Warehouse Robotics Baselines with ClickHouse

Practical ClickHouse-style telemetry and alert thresholds for warehouse robotics preprod tests—schema, queries, and gating strategies for 2026.

Hook: Why your preprod robotic fleet keeps surprising you

Environment drift, noisy telemetry, and vague alerting thresholds turn every preprod run into a guessing game. Teams ship robots that pass unit tests but fail under realistic warehouse load: late picks, navigation hiccups, network stalls, and battery depletion that only show up at scale. If that sounds familiar, this article gives you a concrete, ClickHouse-style OLAP telemetry schema and a set of practical alerting thresholds tailored for warehouse robotics preprod tests.

Inverted pyramid: What you get in this article

A production-ready ClickHouse schema for raw telemetry and pre-aggregates.
Retention, partitioning, and downsampling rules that control cost in ephemeral preprod clusters.
Concrete alerting thresholds (absolute, relative, and statistical) for common robotic failure modes.
Queries and example materialized views you can copy-paste into your CI/CD preprod pipeline.

Why ClickHouse-style OLAP matters for robotics telemetry in 2026

Warehouse automation moved fast in 2025–2026. Vendors and integrators are assembling fleets of heterogeneous robots, converging on telemetry-driven operations. OLAP systems like ClickHouse—which saw major market momentum and funding interest into 2026—are now a pragmatic choice for high-cardinality, high-ingest telemetry because they let you:

Store raw event streams at high throughput (hundreds of thousands of events/sec).
Run low-latency percentile and histogram queries across fleet, zones, or test runs.
Materialize aggregates for alerting and dashboarding without sacrificing raw-data fidelity for forensic analysis.

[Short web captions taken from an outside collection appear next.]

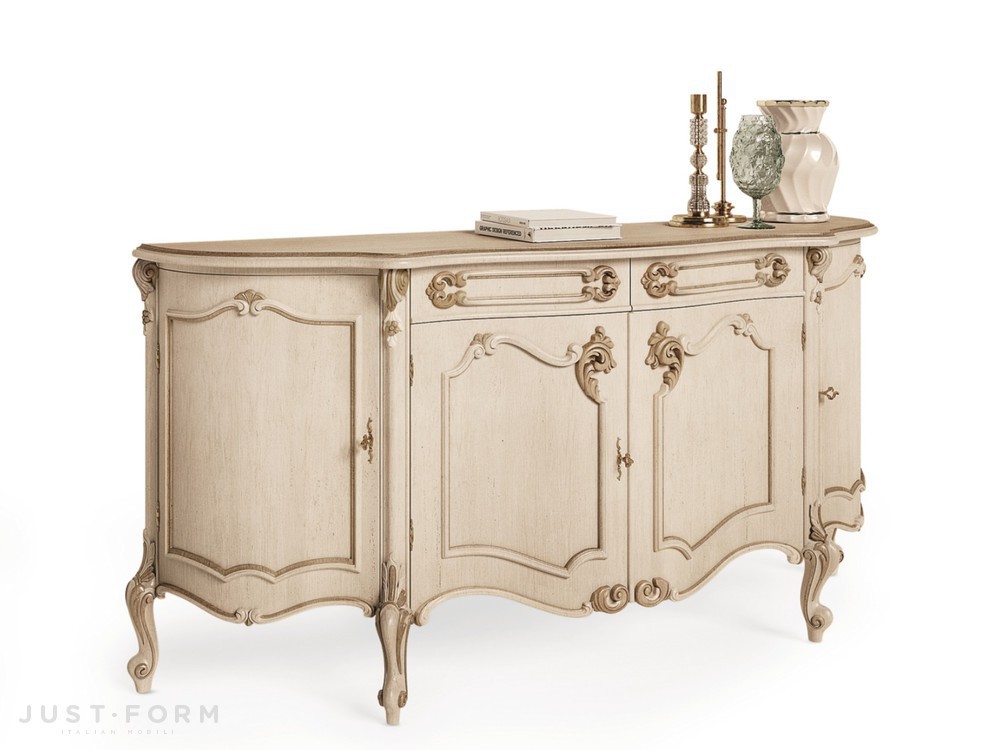 Тумба для гостиной  35'Th Anniversary 2151 фабрика SCAPPINI & C. Classic Furniture S.r.l.  фотография № 1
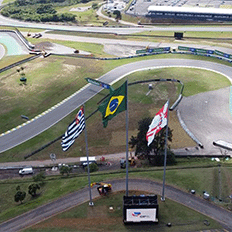 Gerdau renova sua parceria com o Grande Prêmio de São Paulo de Fórmula 1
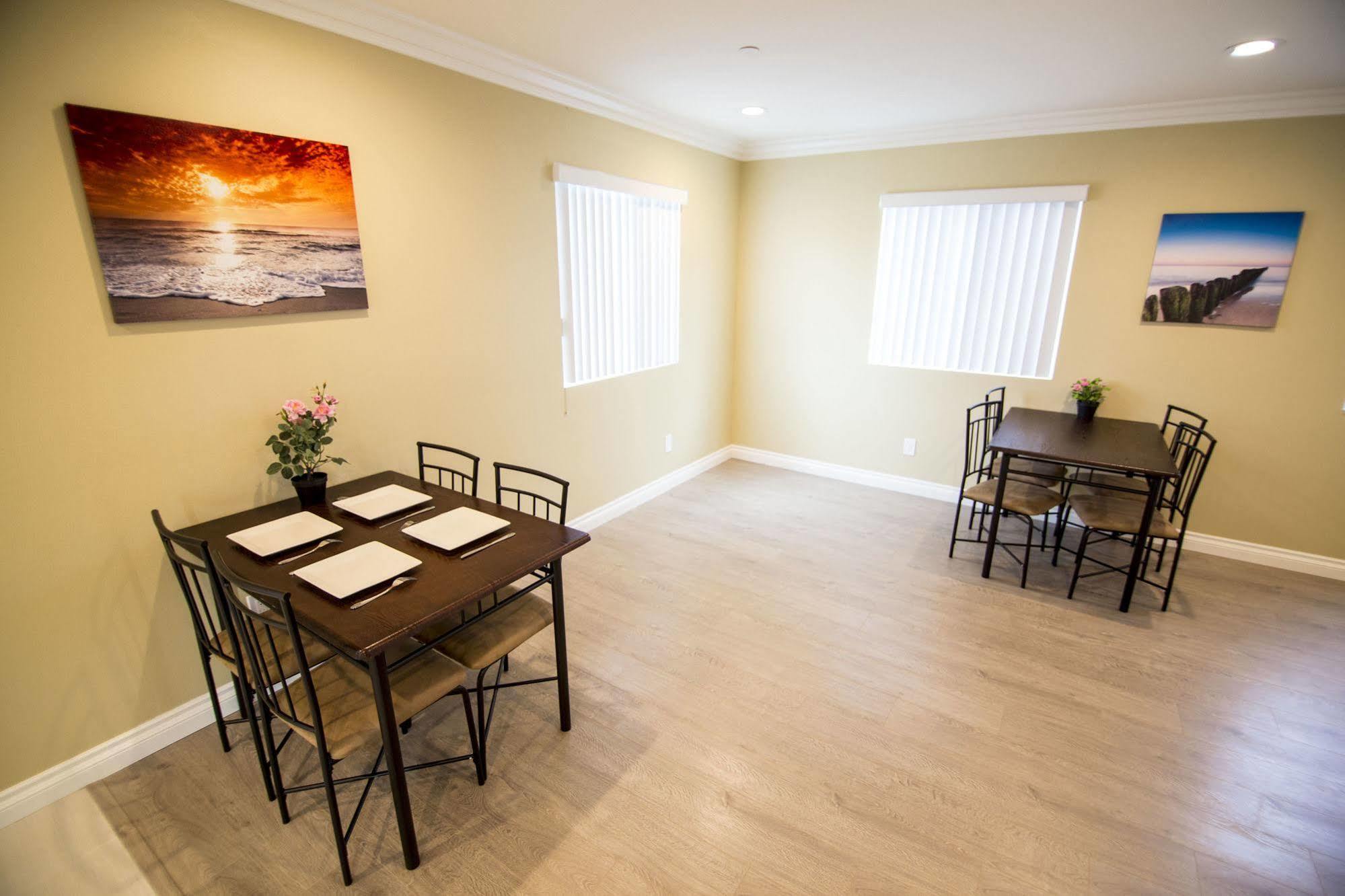 Los Angeles Vacation Rooms Eksteriør bilde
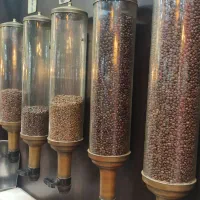 سیلو قهوه ۴ کیلویی ۵ عدد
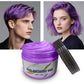 Temporary Hair Dye Wax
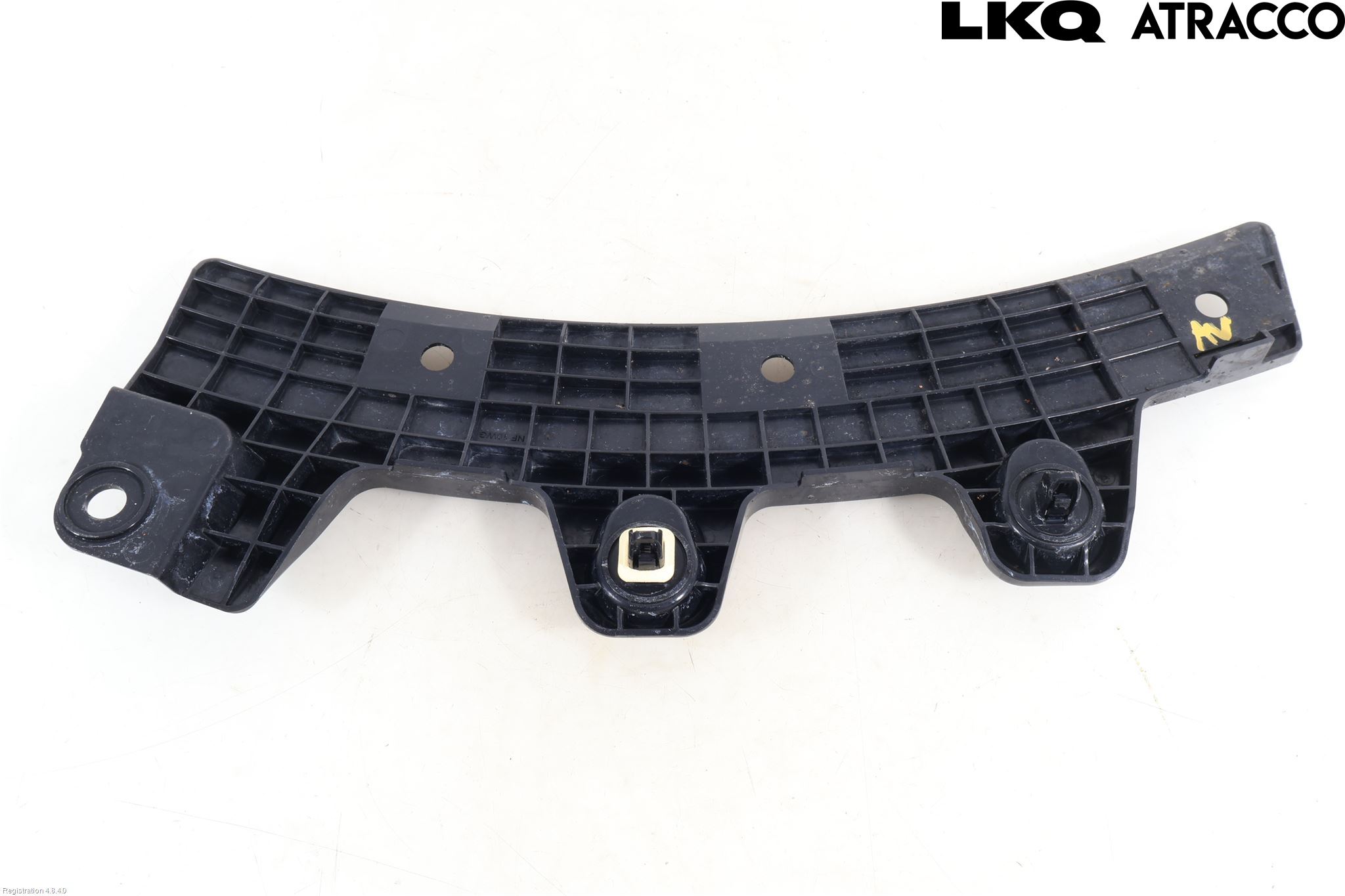 Mazda CX-30 20- Stötfångarfäste Bak Hö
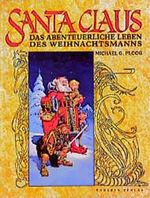 Santa Claus Cover des Buches Santa Claus (ISBN: 9783551715951)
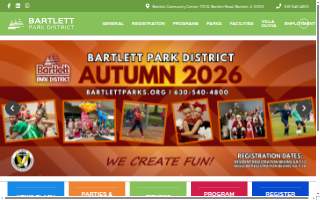 Bartlett Community Center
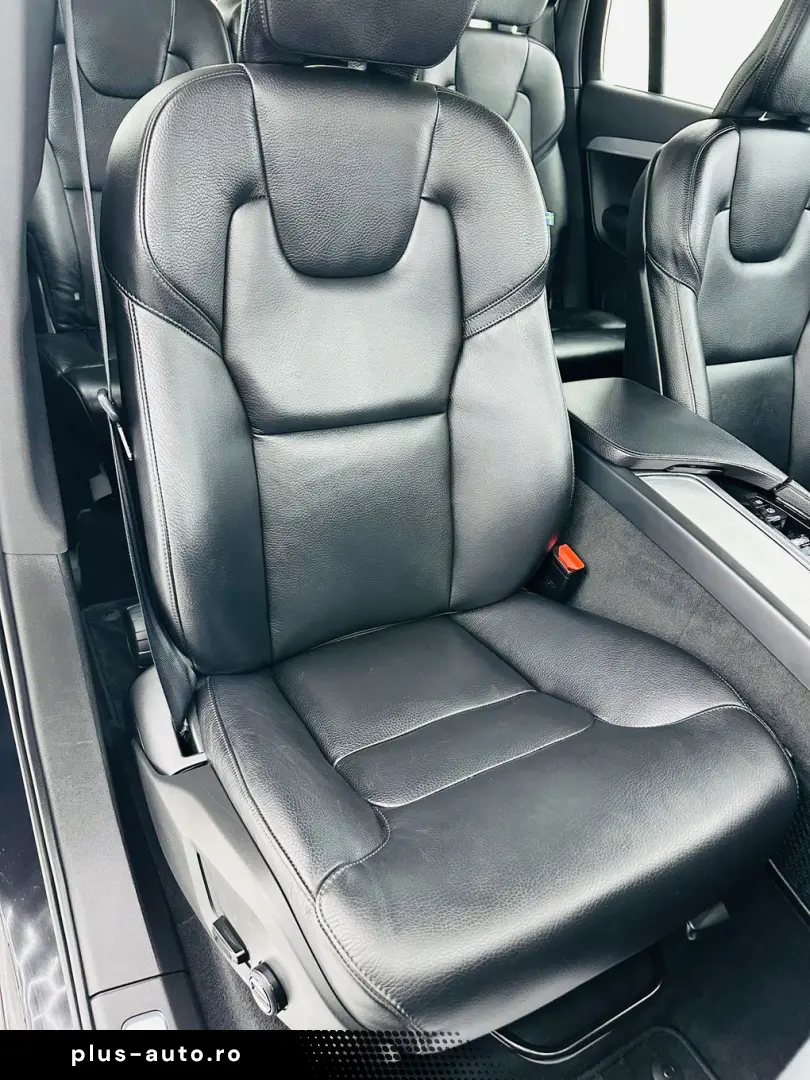 VOLVO Xc-90 2019 2.0D E6 4x4 Garantie 12 Luni Rate Avans 0 D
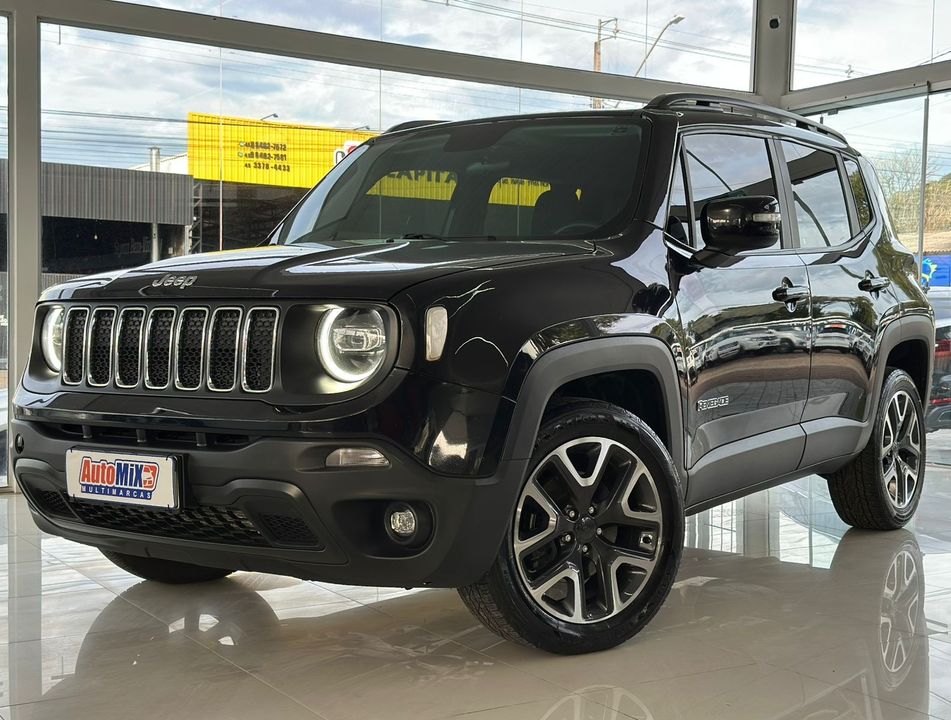 Jeep Renegade Longitude 2.0 4x4 TB Diesel Aut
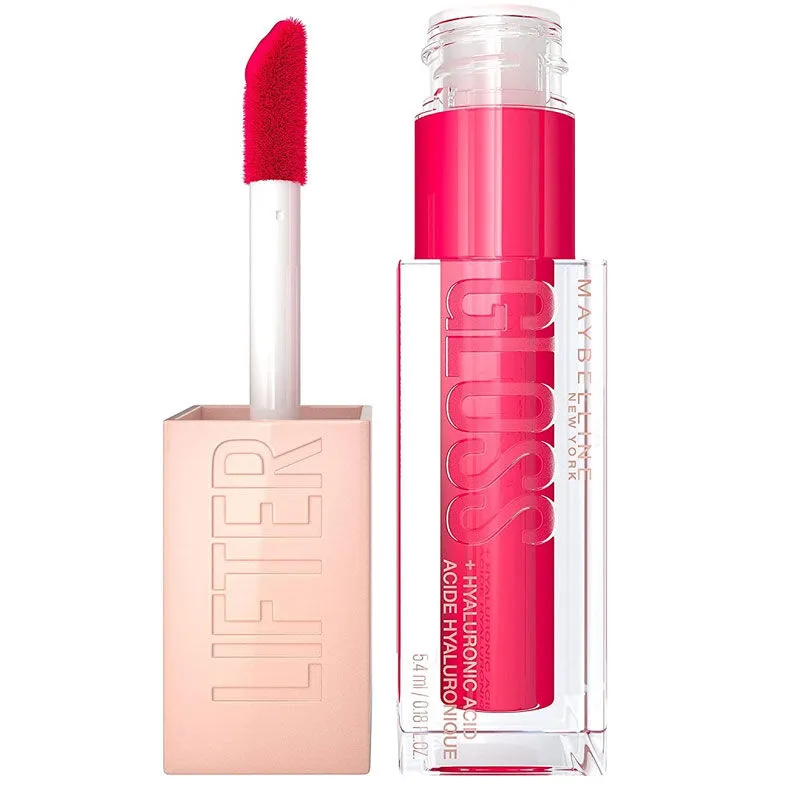 Maybelline New York Lifter Gloss Dudak Parlatıcısı 5.4 ml - 024 Bubblegum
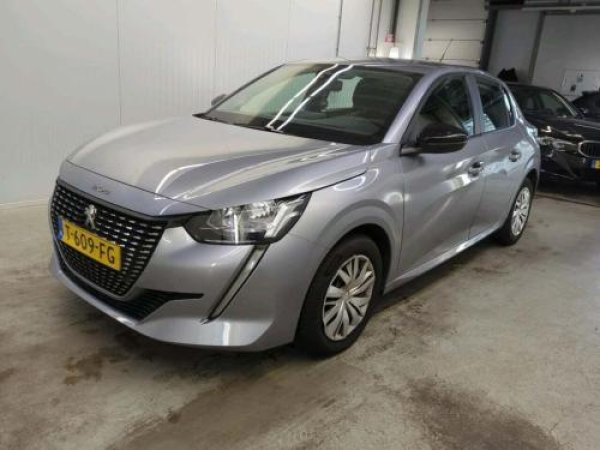 Peugeot 208 1.2 PureTech Active 2023 - voorkant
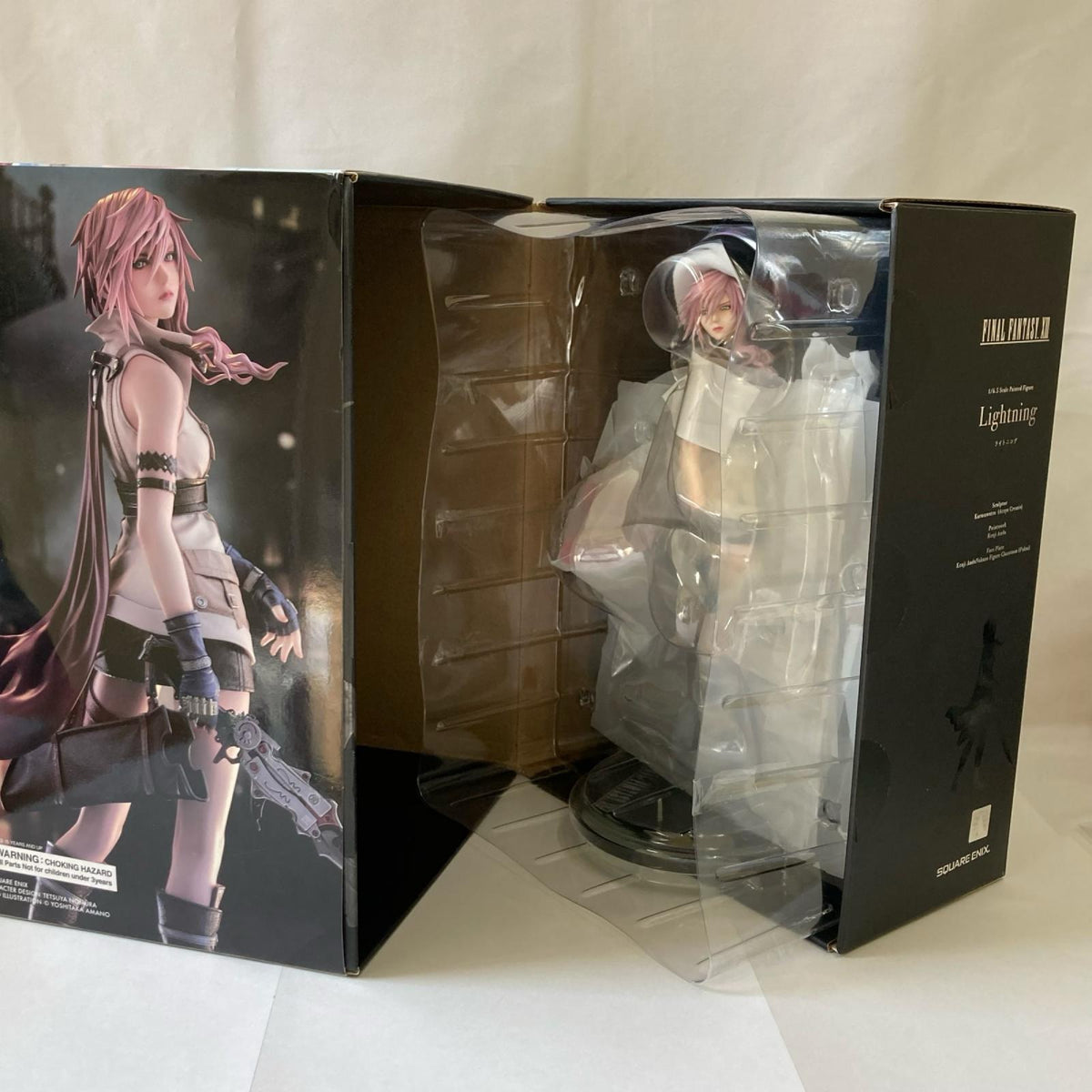 ファイナルファンタジーXIII ライトニング 1/6.5 フィギュア/グッズ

“By 2026, warehouse automation is no longer standalone; it’s data-driven. Use OLAP to turn telemetry into repeatable preprod gates.”

Design principles for preprod telemetry

Before we jump to schema and thresholds, adopt these principles for preprod telemetry:

Raw first, aggregate later: Keep full-fidelity events for 7–30 days to support postmortems; downsample older data.
Partition for test-context: Tag every event with test_run_id, run_type (smoke/soak/stress/chaos), and warehouse_layout_id.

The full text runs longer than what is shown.